ASSIGNMENT: What you return must be an exact copy of the lines in the listing below between the line holding "Holiday Sale BESSEY" and the line holding "Healthy Breeds Shiba", inclusive, and nothing more.

TASK INPUT:
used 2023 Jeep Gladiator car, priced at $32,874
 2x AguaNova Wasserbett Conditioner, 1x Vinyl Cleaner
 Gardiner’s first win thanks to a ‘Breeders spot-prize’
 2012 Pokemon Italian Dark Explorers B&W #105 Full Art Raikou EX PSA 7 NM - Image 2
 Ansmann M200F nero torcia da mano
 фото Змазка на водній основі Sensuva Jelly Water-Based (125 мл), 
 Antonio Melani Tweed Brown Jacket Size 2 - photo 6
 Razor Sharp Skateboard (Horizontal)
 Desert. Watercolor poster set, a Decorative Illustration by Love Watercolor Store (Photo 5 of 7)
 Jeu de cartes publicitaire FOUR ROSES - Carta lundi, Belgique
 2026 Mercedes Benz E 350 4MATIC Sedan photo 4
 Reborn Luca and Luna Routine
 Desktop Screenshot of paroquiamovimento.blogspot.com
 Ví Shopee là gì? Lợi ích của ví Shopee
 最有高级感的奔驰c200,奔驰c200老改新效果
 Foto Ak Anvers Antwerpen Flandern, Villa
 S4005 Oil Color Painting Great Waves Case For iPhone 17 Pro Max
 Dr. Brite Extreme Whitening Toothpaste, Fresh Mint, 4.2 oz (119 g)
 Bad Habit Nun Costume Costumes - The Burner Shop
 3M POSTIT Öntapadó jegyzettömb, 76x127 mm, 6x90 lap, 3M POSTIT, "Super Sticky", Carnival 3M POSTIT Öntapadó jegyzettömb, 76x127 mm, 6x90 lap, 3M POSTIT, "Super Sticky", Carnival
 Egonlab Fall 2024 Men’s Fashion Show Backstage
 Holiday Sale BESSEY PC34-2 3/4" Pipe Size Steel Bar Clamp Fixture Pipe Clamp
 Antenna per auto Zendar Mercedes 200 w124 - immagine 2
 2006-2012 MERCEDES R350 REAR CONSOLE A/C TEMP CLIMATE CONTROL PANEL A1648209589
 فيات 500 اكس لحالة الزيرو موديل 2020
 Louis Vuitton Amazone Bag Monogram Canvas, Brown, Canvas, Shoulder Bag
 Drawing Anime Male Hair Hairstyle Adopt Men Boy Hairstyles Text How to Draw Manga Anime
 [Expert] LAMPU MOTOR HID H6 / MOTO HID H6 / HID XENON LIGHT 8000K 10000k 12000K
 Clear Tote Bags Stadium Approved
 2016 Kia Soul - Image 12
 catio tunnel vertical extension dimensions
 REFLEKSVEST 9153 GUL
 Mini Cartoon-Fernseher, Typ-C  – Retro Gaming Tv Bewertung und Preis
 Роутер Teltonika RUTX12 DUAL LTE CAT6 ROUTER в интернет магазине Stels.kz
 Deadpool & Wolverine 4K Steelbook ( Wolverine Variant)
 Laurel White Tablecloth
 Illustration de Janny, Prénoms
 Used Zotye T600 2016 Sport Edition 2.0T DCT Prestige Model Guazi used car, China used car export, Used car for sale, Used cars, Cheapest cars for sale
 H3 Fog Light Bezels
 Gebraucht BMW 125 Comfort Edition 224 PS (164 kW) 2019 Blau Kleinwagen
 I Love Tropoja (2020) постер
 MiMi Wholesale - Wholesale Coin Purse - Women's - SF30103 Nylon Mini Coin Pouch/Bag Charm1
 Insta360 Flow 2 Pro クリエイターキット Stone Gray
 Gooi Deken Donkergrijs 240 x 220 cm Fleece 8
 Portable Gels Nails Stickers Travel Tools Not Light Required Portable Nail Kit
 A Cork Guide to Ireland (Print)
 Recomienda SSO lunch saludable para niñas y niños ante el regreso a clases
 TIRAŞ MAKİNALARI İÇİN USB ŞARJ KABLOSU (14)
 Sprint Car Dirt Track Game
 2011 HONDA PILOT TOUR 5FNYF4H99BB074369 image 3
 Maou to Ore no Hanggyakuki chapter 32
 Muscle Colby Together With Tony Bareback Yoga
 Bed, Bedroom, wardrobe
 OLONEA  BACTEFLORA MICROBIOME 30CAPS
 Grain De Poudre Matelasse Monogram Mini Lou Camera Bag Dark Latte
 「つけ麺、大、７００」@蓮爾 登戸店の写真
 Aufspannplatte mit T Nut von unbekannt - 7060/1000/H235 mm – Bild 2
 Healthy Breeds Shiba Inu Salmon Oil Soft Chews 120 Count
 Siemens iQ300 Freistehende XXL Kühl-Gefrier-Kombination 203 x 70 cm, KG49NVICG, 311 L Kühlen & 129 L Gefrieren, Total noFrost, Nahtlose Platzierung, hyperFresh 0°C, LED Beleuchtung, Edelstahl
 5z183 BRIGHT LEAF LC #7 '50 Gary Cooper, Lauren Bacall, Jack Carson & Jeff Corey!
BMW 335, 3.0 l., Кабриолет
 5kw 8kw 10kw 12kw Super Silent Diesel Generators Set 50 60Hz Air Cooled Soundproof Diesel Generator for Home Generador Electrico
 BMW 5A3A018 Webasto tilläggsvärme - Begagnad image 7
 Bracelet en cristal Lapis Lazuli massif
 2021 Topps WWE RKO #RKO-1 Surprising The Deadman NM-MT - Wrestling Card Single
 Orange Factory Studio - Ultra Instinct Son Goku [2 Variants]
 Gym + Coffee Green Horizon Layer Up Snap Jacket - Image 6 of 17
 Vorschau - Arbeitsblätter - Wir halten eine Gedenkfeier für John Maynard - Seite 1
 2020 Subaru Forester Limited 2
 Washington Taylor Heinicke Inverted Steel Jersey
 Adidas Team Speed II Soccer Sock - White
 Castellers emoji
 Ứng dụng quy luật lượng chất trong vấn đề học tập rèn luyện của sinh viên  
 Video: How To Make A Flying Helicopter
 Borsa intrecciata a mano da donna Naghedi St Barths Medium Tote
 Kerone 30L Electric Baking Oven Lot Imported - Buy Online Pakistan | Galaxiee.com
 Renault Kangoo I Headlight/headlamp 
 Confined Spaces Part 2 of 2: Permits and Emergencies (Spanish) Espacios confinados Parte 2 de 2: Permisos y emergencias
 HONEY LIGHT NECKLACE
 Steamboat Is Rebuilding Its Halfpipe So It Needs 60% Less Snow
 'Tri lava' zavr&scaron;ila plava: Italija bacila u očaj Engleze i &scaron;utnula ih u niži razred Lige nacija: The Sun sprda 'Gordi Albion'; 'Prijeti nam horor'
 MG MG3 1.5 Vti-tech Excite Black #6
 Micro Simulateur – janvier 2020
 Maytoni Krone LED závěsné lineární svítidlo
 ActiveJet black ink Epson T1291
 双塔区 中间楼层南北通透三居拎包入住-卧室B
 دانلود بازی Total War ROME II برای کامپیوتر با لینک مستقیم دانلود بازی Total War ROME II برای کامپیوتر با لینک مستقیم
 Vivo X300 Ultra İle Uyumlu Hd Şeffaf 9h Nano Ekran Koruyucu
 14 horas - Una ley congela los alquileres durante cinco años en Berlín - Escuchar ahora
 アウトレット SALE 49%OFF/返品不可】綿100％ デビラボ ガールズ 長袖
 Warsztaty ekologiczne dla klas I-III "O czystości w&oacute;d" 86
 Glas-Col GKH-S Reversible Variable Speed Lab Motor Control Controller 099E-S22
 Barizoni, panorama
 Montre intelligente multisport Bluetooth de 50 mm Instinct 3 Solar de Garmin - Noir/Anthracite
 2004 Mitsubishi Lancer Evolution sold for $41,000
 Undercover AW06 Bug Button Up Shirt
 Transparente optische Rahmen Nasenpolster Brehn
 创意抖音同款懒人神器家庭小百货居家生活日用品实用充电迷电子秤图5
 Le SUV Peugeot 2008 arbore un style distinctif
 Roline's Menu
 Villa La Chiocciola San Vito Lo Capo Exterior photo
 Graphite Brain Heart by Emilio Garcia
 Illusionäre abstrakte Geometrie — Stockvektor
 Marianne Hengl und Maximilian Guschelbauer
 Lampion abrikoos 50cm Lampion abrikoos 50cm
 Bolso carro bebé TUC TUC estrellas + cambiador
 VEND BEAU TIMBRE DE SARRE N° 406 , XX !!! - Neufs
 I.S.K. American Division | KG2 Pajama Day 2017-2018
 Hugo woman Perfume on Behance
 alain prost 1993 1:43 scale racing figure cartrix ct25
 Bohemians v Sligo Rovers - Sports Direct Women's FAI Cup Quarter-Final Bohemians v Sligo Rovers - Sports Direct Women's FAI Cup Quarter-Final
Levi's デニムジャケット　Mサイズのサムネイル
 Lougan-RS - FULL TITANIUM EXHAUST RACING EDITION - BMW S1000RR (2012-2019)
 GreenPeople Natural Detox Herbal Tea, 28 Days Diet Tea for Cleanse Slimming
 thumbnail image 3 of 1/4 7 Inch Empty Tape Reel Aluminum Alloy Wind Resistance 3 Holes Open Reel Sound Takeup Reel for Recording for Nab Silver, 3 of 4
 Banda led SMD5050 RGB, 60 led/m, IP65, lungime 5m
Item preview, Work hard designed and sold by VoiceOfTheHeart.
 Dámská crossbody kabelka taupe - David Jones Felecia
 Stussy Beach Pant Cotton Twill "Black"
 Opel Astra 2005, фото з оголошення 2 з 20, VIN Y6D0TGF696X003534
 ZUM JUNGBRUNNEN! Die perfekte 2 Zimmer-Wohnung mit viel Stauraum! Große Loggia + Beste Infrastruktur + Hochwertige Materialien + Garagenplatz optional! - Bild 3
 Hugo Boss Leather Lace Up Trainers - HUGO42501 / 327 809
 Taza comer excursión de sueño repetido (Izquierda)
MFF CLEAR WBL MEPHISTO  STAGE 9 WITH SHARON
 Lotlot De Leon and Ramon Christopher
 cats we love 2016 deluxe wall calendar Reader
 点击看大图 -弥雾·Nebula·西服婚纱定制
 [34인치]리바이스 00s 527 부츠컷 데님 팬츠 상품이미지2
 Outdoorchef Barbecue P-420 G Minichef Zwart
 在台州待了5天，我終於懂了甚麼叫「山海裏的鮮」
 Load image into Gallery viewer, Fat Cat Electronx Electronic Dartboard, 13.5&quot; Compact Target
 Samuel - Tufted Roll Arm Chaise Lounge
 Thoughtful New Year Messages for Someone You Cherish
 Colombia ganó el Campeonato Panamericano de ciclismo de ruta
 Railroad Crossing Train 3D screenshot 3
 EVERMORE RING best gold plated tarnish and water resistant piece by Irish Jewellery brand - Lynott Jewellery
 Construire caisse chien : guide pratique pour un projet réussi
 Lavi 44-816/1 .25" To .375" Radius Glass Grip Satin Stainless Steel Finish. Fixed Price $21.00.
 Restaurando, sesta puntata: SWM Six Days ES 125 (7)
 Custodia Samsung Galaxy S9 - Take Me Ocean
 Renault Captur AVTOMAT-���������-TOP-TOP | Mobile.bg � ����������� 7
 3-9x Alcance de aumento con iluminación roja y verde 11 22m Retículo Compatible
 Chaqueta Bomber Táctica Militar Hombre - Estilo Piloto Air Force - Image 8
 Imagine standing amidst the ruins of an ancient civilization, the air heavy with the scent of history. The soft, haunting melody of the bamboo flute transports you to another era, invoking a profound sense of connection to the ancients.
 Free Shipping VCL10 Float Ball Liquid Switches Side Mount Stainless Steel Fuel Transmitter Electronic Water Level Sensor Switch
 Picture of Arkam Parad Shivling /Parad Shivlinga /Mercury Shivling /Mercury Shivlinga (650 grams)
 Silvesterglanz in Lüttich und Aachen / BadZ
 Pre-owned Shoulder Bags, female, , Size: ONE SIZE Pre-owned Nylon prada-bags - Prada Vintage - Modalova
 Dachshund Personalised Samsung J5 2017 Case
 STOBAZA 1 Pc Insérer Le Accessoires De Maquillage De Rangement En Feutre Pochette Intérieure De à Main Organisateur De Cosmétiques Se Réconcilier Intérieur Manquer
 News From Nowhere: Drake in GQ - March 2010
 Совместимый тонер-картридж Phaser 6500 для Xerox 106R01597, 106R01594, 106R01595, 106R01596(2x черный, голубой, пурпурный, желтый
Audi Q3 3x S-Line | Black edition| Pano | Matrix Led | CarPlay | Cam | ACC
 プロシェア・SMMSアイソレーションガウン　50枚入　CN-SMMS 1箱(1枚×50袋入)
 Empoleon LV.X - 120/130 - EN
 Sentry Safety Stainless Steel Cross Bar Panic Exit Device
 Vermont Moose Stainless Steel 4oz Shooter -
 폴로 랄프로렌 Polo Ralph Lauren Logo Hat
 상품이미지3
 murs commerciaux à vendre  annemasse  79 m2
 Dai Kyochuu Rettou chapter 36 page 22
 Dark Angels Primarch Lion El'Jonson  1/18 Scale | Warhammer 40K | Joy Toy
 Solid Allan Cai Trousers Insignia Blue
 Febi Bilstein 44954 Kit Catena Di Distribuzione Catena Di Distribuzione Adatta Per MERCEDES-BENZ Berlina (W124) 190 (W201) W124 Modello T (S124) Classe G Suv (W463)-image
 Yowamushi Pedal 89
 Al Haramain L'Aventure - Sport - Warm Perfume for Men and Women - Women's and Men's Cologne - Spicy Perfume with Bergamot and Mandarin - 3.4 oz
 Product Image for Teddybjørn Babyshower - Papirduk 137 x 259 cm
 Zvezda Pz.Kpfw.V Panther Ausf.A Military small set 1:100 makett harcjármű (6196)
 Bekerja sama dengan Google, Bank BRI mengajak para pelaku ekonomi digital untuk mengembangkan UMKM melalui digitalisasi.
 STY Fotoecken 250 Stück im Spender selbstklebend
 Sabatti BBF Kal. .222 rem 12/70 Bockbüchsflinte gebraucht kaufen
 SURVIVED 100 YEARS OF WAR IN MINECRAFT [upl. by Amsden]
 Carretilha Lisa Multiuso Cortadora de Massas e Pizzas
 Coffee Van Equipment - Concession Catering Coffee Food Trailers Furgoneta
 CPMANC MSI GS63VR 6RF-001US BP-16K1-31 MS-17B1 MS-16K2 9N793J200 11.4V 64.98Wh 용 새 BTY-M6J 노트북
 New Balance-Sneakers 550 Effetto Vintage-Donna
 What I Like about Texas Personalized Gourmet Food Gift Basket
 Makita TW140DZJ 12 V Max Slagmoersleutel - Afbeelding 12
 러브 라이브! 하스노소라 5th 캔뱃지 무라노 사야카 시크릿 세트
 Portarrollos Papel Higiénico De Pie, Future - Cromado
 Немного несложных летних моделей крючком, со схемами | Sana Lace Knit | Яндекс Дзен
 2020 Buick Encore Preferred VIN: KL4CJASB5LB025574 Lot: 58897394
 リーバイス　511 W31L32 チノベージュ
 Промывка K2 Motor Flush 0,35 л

TASK OUTPUT:
 Holiday Sale BESSEY PC34-2 3/4" Pipe Size Steel Bar Clamp Fixture Pipe Clamp
 Antenna per auto Zendar Mercedes 200 w124 - immagine 2
 2006-2012 MERCEDES R350 REAR CONSOLE A/C TEMP CLIMATE CONTROL PANEL A1648209589
 فيات 500 اكس لحالة الزيرو موديل 2020
 Louis Vuitton Amazone Bag Monogram Canvas, Brown, Canvas, Shoulder Bag
 Drawing Anime Male Hair Hairstyle Adopt Men Boy Hairstyles Text How to Draw Manga Anime
 [Expert] LAMPU MOTOR HID H6 / MOTO HID H6 / HID XENON LIGHT 8000K 10000k 12000K
 Clear Tote Bags Stadium Approved
 2016 Kia Soul - Image 12
 catio tunnel vertical extension dimensions
 REFLEKSVEST 9153 GUL
 Mini Cartoon-Fernseher, Typ-C  – Retro Gaming Tv Bewertung und Preis
 Роутер Teltonika RUTX12 DUAL LTE CAT6 ROUTER в интернет магазине Stels.kz
 Deadpool & Wolverine 4K Steelbook ( Wolverine Variant)
 Laurel White Tablecloth
 Illustration de Janny, Prénoms
 Used Zotye T600 2016 Sport Edition 2.0T DCT Prestige Model Guazi used car, China used car export, Used car for sale, Used cars, Cheapest cars for sale
 H3 Fog Light Bezels
 Gebraucht BMW 125 Comfort Edition 224 PS (164 kW) 2019 Blau Kleinwagen
 I Love Tropoja (2020) постер
 MiMi Wholesale - Wholesale Coin Purse - Women's - SF30103 Nylon Mini Coin Pouch/Bag Charm1
 Insta360 Flow 2 Pro クリエイターキット Stone Gray
 Gooi Deken Donkergrijs 240 x 220 cm Fleece 8
 Portable Gels Nails Stickers Travel Tools Not Light Required Portable Nail Kit
 A Cork Guide to Ireland (Print)
 Recomienda SSO lunch saludable para niñas y niños ante el regreso a clases
 TIRAŞ MAKİNALARI İÇİN USB ŞARJ KABLOSU (14)
 Sprint Car Dirt Track Game
 2011 HONDA PILOT TOUR 5FNYF4H99BB074369 image 3
 Maou to Ore no Hanggyakuki chapter 32
 Muscle Colby Together With Tony Bareback Yoga
 Bed, Bedroom, wardrobe
 OLONEA  BACTEFLORA MICROBIOME 30CAPS
 Grain De Poudre Matelasse Monogram Mini Lou Camera Bag Dark Latte
 「つけ麺、大、７００」@蓮爾 登戸店の写真
 Aufspannplatte mit T Nut von unbekannt - 7060/1000/H235 mm – Bild 2
 Healthy Breeds Shiba Inu Salmon Oil Soft Chews 120 Count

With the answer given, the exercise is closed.